▸ **Task brief**
Below are some records. How many of their lines contain the string "Mercedes"? Answer with the number alone.

Data extracted from a collection
──────────────────────────────

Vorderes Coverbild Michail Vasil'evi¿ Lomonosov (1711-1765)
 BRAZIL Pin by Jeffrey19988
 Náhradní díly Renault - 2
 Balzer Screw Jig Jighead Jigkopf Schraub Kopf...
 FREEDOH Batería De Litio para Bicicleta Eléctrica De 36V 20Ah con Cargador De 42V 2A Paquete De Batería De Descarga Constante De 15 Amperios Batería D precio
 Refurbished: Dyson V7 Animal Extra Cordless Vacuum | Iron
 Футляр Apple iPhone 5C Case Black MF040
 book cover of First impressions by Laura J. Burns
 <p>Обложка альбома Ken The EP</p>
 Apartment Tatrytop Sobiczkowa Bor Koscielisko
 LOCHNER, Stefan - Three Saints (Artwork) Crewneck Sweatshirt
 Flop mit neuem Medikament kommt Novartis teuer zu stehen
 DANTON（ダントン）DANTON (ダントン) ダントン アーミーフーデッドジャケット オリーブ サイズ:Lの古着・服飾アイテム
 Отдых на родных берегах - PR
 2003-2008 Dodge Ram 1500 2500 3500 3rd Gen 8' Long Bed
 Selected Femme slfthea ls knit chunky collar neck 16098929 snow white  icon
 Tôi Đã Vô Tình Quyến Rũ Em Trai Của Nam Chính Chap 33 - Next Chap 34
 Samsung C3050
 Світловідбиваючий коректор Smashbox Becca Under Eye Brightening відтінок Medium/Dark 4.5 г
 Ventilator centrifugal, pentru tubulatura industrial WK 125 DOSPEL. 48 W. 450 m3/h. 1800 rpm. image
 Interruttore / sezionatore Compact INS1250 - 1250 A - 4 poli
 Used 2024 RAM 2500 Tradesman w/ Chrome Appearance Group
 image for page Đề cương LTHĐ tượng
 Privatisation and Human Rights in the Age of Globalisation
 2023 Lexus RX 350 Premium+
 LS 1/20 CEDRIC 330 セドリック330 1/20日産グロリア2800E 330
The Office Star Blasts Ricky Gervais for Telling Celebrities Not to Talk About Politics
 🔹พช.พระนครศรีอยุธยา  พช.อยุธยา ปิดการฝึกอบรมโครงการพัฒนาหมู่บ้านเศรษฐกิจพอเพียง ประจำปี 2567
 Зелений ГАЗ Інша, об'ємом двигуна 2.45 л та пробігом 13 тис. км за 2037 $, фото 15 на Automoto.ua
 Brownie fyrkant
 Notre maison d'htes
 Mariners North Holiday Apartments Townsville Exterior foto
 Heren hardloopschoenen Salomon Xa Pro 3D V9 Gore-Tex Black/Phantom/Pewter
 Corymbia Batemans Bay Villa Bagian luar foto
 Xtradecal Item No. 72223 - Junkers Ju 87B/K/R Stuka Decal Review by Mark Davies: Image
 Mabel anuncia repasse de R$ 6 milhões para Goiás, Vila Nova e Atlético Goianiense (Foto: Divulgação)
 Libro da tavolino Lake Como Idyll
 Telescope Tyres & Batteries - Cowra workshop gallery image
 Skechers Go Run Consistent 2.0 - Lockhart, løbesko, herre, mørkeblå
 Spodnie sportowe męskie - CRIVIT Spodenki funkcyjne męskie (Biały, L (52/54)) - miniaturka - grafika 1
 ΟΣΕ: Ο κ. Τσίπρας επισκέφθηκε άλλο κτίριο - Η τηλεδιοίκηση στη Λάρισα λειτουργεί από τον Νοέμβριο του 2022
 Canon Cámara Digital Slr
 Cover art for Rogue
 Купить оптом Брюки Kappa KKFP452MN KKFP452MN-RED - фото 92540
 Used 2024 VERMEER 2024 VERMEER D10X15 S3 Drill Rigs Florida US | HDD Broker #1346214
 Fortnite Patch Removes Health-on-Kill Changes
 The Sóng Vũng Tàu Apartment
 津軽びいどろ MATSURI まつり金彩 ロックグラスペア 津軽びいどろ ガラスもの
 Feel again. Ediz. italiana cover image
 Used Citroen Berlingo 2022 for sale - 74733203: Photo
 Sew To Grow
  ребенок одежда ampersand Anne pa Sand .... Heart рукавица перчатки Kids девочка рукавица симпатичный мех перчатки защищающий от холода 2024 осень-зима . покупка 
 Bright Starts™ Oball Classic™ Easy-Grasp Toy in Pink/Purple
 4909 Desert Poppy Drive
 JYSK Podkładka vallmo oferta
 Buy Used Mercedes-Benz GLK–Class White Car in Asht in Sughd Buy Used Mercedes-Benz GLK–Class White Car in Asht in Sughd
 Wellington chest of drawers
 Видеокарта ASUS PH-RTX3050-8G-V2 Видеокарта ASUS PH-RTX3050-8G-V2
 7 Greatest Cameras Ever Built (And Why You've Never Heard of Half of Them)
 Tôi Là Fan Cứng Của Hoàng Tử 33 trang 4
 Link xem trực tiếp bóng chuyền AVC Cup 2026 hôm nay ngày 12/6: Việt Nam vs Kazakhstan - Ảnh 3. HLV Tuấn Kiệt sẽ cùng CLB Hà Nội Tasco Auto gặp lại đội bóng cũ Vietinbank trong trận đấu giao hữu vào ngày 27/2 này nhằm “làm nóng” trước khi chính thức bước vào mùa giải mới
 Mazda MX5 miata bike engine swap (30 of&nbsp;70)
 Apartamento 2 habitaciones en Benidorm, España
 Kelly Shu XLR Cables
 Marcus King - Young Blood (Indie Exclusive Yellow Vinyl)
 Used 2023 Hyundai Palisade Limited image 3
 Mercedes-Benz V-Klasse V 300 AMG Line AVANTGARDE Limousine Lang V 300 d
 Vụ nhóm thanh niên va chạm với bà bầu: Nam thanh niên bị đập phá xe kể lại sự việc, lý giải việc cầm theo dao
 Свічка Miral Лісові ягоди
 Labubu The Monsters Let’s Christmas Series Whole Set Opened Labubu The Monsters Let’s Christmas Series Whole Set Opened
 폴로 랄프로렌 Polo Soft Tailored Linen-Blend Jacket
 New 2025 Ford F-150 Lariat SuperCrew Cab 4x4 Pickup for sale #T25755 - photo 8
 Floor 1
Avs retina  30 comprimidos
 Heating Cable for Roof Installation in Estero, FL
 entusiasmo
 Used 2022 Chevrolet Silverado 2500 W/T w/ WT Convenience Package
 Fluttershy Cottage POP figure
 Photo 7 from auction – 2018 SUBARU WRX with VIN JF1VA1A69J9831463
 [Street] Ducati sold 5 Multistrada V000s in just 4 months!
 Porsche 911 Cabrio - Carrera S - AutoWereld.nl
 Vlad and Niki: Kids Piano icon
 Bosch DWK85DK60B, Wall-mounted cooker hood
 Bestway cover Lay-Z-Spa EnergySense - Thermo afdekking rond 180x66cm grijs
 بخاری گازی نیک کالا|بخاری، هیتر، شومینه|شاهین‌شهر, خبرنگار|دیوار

──────────────────────────────

▸ **Answer to this problem**
2